The fact is that we are diligently seeking a continued opportunity to collaborate with the North American Mission Board in seeking the fulfillment the Great Commission. We want to work with the entire Southern Baptist Convention family, but it is our partnership with the North American Mission Board that seems to be most in peril.

Before writing us off, releasing NAMB from its cooperative agreement with us, please prayerfully consider the following offers.

We offer to continue to help lift and carry “Buckets of Hope.” All across Iowa individual believers and churches have been filling food buckets destined for Haiti. Appointed NAMB missionaries are coordinating the Iowa effort, but all of us are helping to collect and transport those buckets. Why? We are doing it because we want to partner with NAMB in this Great Commission ministry. After Haiti, there will be other “buckets of hope” needed. Give us a chance and we will be there working in partnership with NAMB missionaries.
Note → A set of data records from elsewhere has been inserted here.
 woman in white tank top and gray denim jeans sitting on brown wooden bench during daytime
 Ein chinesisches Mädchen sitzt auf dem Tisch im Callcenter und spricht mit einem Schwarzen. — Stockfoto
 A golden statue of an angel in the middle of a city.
We offer to continue to provide a loving home for NAMB missionaries in Iowa. We do not think of them as ours in a proprietary sense. They belong to the Father and not to our convention. Our convention partners with NAMB in the selection, assignment and evaluation of the work of these missionaries, but our most vital role is to provide a home for them. Some do not seem to understand that we help pay their salaries. We pay 100 percent of their annuity costs. We provide workers compensation insurance. We also provide their risk and liability insurance.
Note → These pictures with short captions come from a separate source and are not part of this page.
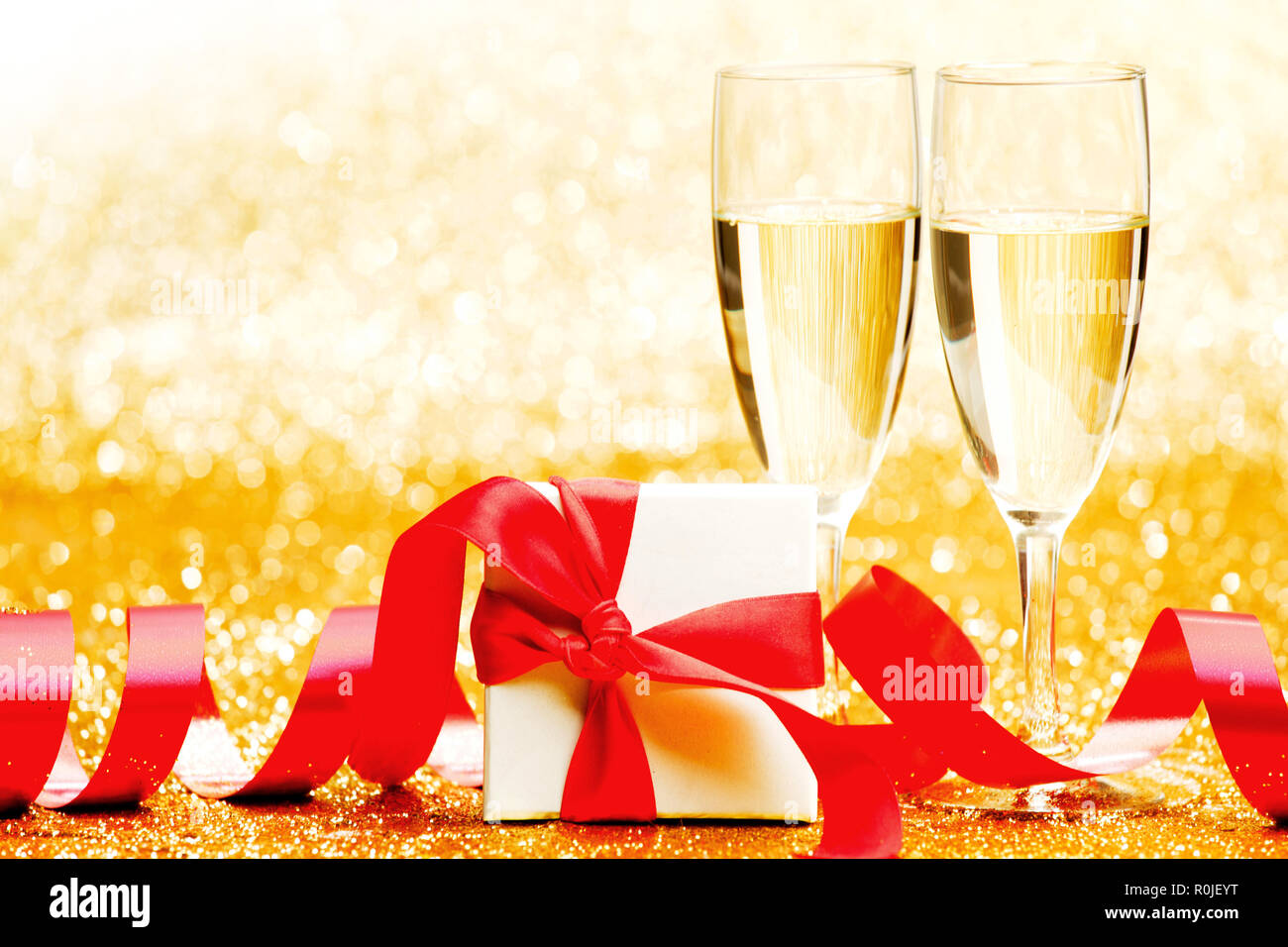 Champagne glasses and present in whitebox with red ribbon on golden background Stock Photo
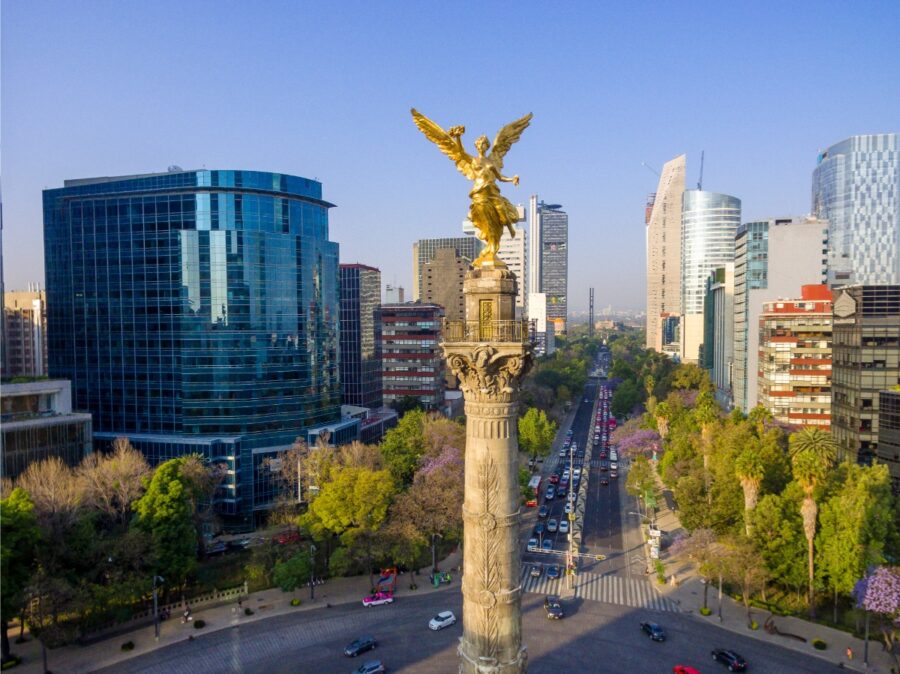 Aerial view of The Angel of Independence monument surrounded by traffic and greenery in Mexico City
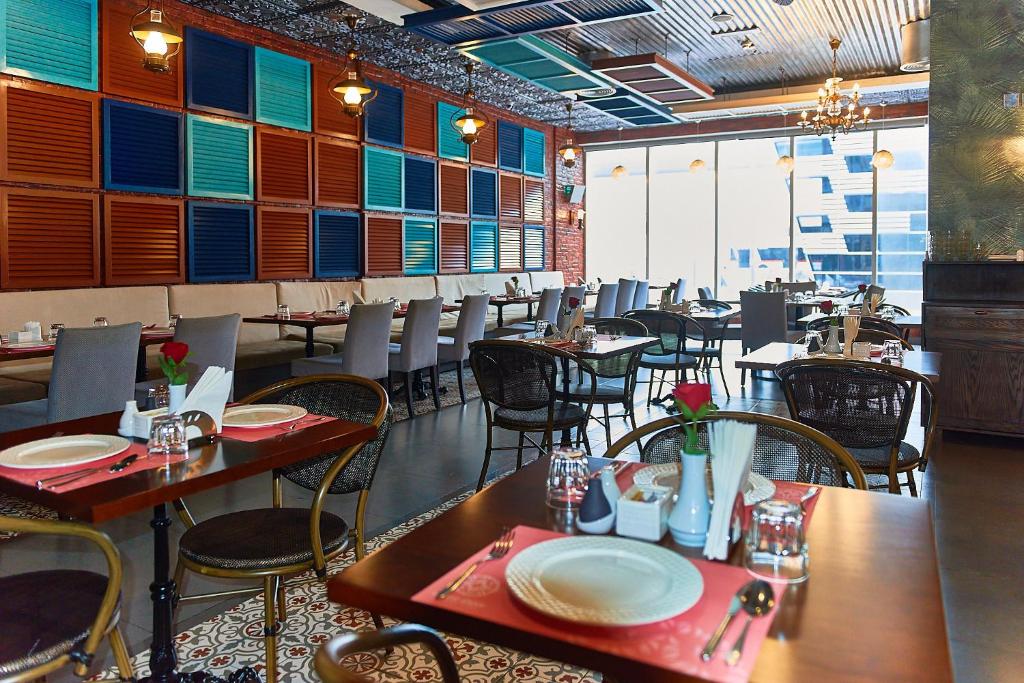 Rose Park Hotel Al Barsha restorāns ar stilīgu interjeru.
Additionally, we provide them with office space, equipment, supplies, accounting services and secretarial services. We also help pay their travel and ministry expenses. Come to think of it, our lives would be simplified and made easier if a new level of bureaucracy were created to take all of that off the back of our small convention, but we do not want to lose the joy working with the missionaries in obedience to the Great Commission.

[2]

We offer to continue to partner with NAMB in ministry to appointed missionaries. When they die, we stand at their graveside. When grief hits, we show up. When sickness comes to them, we visit them and take food to them. They receive welcome calls and cards from other places, but we are the ones who show up. We want to continue to do that because that too improves our ability to fulfill the Great Commission.

We offer to continue to advocate for NAMB-appointed missionaries. They are sometimes unfairly compared to international missionaries. For example, international baptisms are sometimes reported in a manner that seems to directly correlate them to the international missionaries. NAMB missionaries, on the other hand, correlate baptisms directly to local churches. Out of love for the Great Commission, we affirm that it is to the local church and not to the missionaries that baptism reports must be consistently and directly linked. We want to continue to advocate for, and even help explain, the work the North American missionaries do.

We make yet another offer. Even if the SBC creates a new level of bureaucracy, a level that might disenfranchise the Baptist Convention Iowa and others like us, we offer to explore new ways to address the needs of the people and churches we are called of God to serve. And we also offer to continue to diligently seek new ways to collaborate with God’s North American missionaries in the fulfillment of the Great Commission. We are like a stray dog that has finally found a home. Come what may, we are not planning to leave our family.
–30–
Jimmy Barrentine is the executive director/treasurer of the Baptist Convention of Iowa located in Des Moines, Iowa.